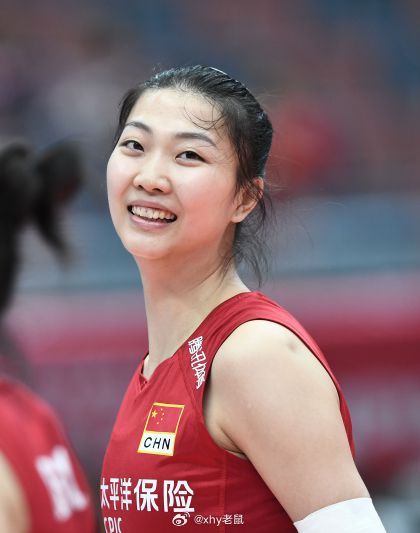 老果子朱袁张1块2毛9中国女排袁心玥
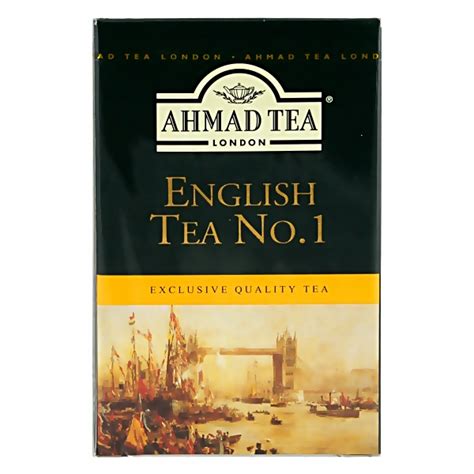 Ahmad English Tea No G Herbata Li Ciasta Allegro Pl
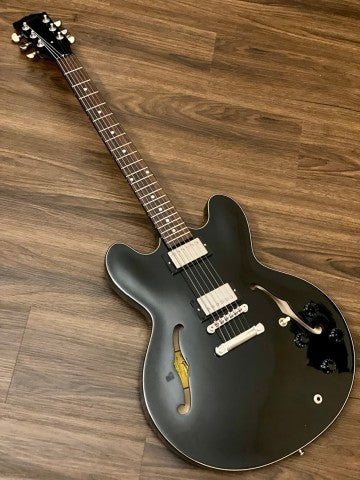Gibson 2019 ES-335 Studio Semi-Hollow สี Ebony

▶ _What is being asked_: Return all the material exactly, pictures excluded.

▶ _Response_:
 老果子朱袁张1块2毛9中国女排袁心玥
 Ahmad English Tea No G Herbata Li Ciasta Allegro Pl
Gibson 2019 ES-335 Studio Semi-Hollow สี Ebony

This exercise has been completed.